The Czechs and Slovaks are culturally and linguistically similar peoples who were divided by the distinct influence of Austrian (Czechs) and Hungarian (Slovaks) domination. In 1918, following the dismemberment of the Austro-Hungarian Empire, the two nations united to form the First Czechoslovak Republic--a strategic move to protect themselves against internal as well as external threats. Their coexistence was interrupted for a short period during the WWII, when a Slovak fascist puppet state was established (AUTON = 1). After WWII, the two nations joined together in a federal state. Despite the formal equality, many Slovaks felt that the federal structure favored the Czech nation (already bigger and more advanced) at the expense of the smaller Slovak nation. With the fall of communism in Eastern/Central Europe, the neglected demands and grievances took on a political form, culminating in the Velvet divorce on January 1, 1993. Since that day, the Slovaks and the Czechs have had to adapt to their new situations as minorities.
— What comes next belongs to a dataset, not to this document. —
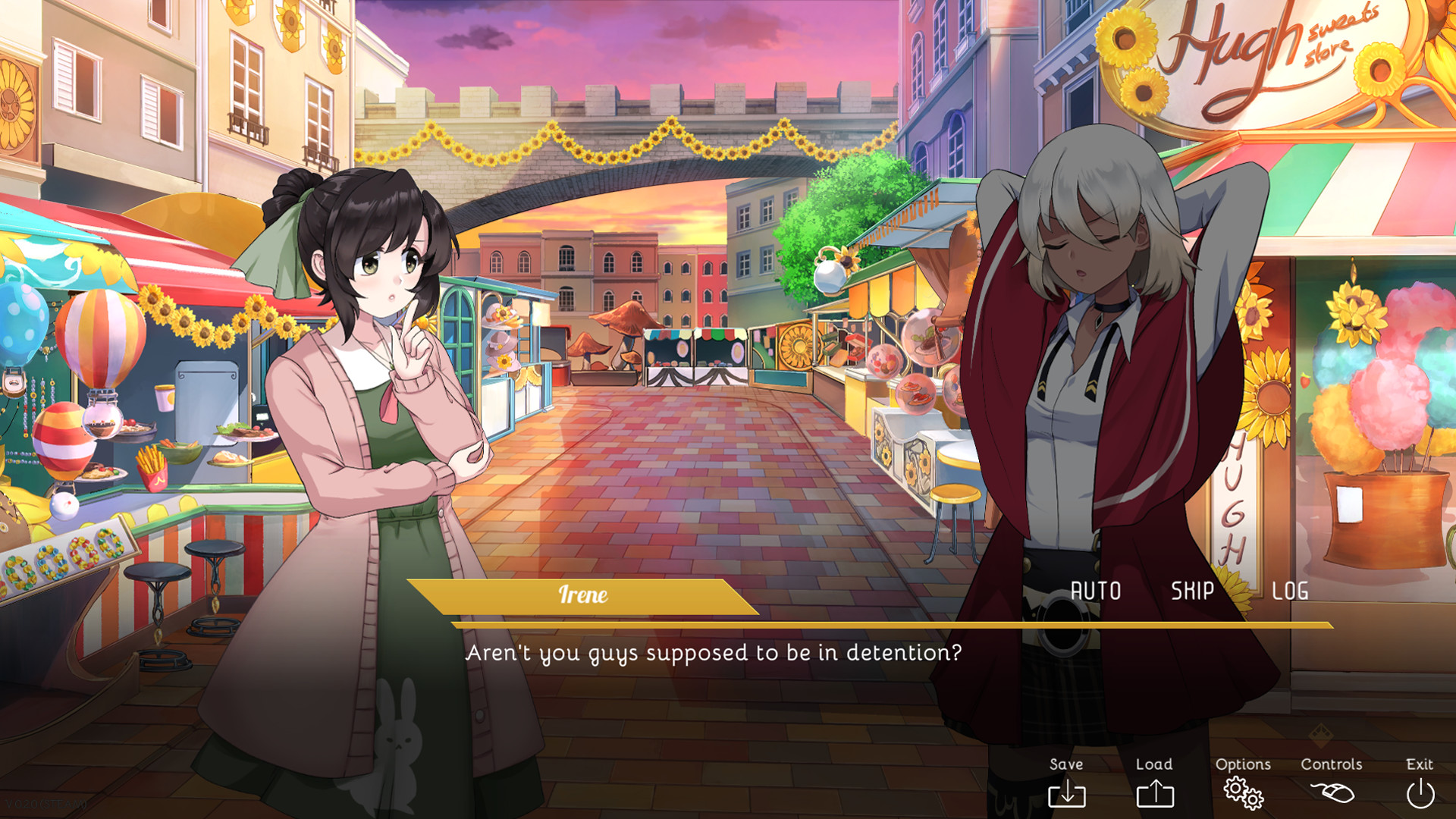 Perfect Gold - Yuri Visual Novel screenshot 3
Slovaks in the Czech Republic are concentrated predominantly in the areas which had a large German minority prior to WWII -- Praha, Brno, Karvina, Olomouc, Tabor, Kladno and West Bohmen (GROUPCON = 3). After WWII, they were moved to these areas to replace the German population that had been expelled by the Prezident Benes decrees. Thus, most of the Slovaks living in the Czech Republic are there as third or fourth generation and are well assimilated (COHESX9 = 3). They are represented by several conventional organizations, of which the Slovaks' Community is regarded as the most representative. Other Slovak associations deal primarily with different subsidiary issues, e.g. with culture (The Club of Slovak Culture), with religion (the Evangelical and Catholic Church), with students (the Detvan society), with folklore (Limbora, Pucik, etc.).
Slovaks in the Czech Republic are by far the most advantaged minority group in the country. They experience no demographic stress (DEMSTR99-00 = 0), and especially since the recent amendments to the citizenship law, virtually no economic and political discrimination (ECDIS 99-03 = 0, POLDIS 99-03 = 0). The most important grievances as expressed by the Slovak community representatives in the Czech Republic are the nonexistence of Slovak representation in parliament, and the lack of Slovak-language education, both of which are slowly being met. Although there were scattered acts of symbolic resistance during 1993-1997 (PROT93,97 = 2), there have been virtually no manifestations of protest since then (PROT98-03=0). There was also no manifestation of rebellion (REB93-03 = 0).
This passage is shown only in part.